PROVIDED DATA:
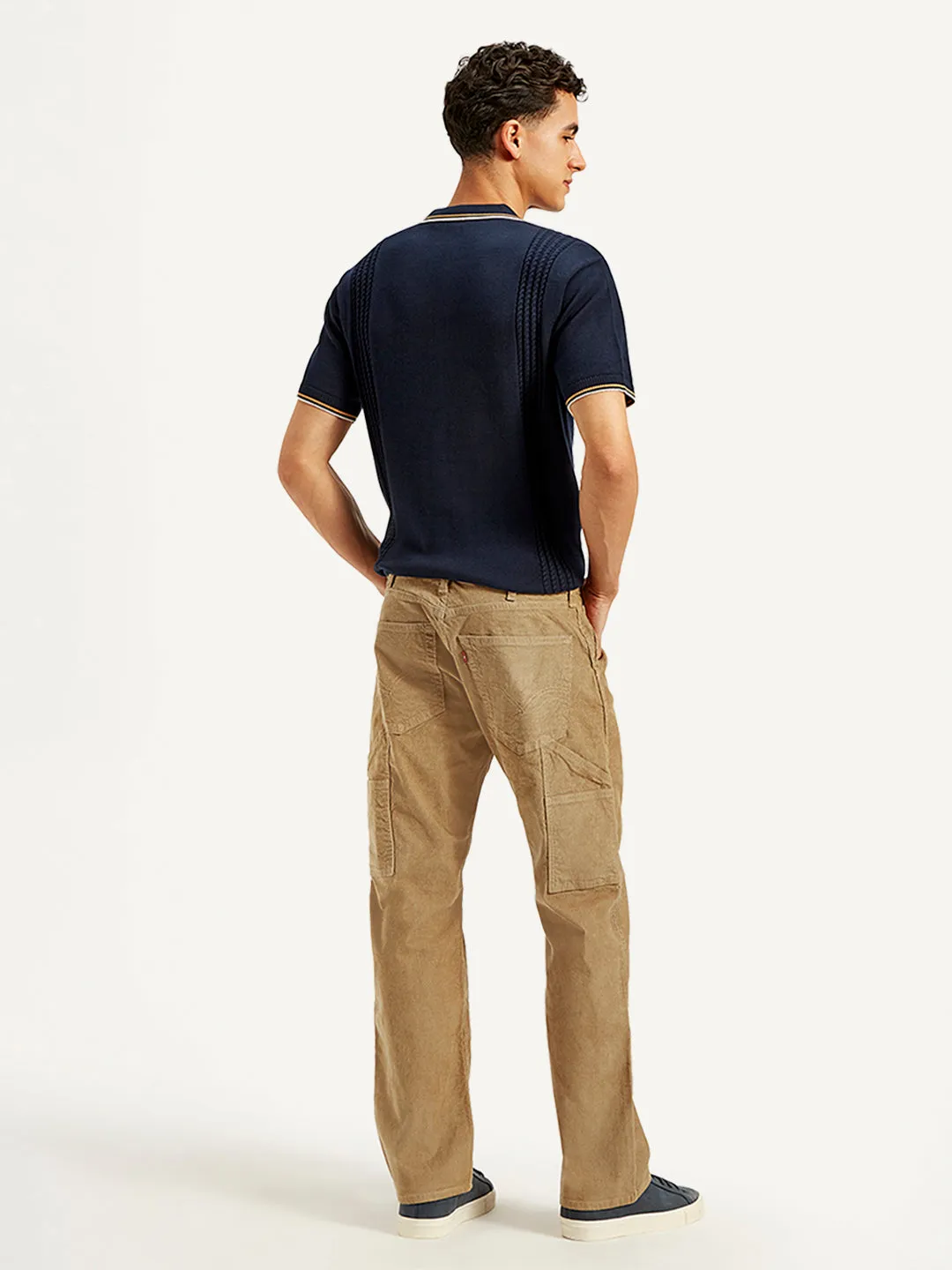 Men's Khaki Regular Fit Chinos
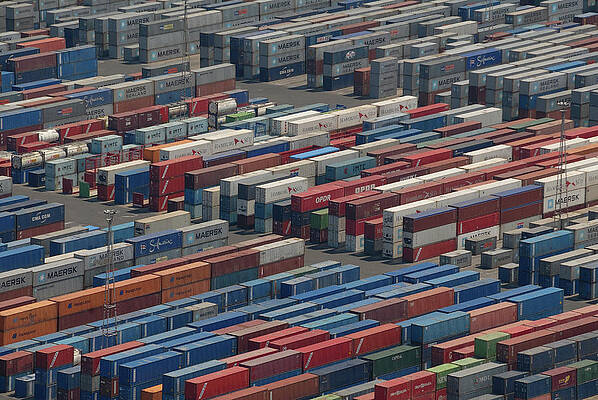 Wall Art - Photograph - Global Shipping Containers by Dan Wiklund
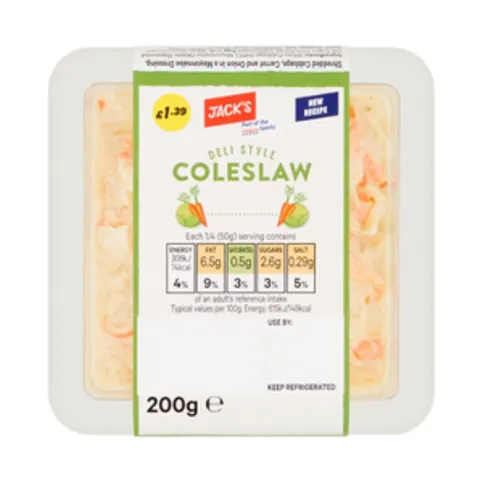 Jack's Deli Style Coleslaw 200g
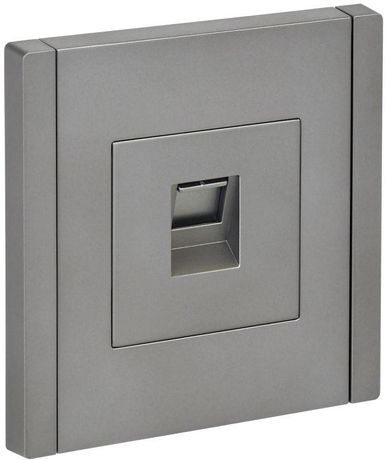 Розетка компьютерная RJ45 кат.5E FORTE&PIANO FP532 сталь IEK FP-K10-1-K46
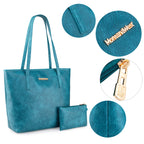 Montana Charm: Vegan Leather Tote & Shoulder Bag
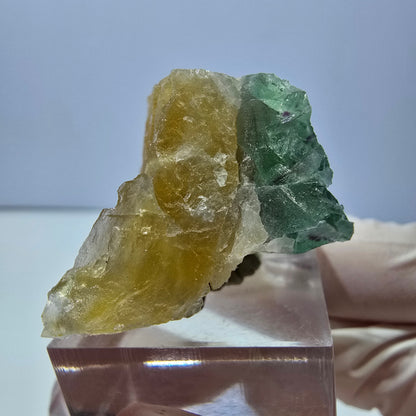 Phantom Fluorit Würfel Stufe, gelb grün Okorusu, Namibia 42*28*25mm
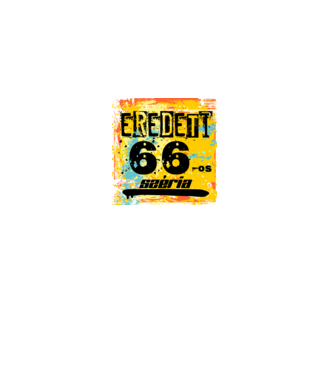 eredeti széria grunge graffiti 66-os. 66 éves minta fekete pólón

YOUR GOAL: A word-for-word repeat is expected of the lines from the one with "Wall Art - Photograph" to the end of the data, both included; pictures are not part of it.

THE ANSWER:
 Wall Art - Photograph - Global Shipping Containers by Dan Wiklund
 Jack's Deli Style Coleslaw 200g
 Розетка компьютерная RJ45 кат.5E FORTE&PIANO FP532 сталь IEK FP-K10-1-K46
 Montana Charm: Vegan Leather Tote & Shoulder Bag
 Phantom Fluorit Würfel Stufe, gelb grün Okorusu, Namibia 42*28*25mm
 eredeti széria grunge graffiti 66-os. 66 éves minta fekete pólón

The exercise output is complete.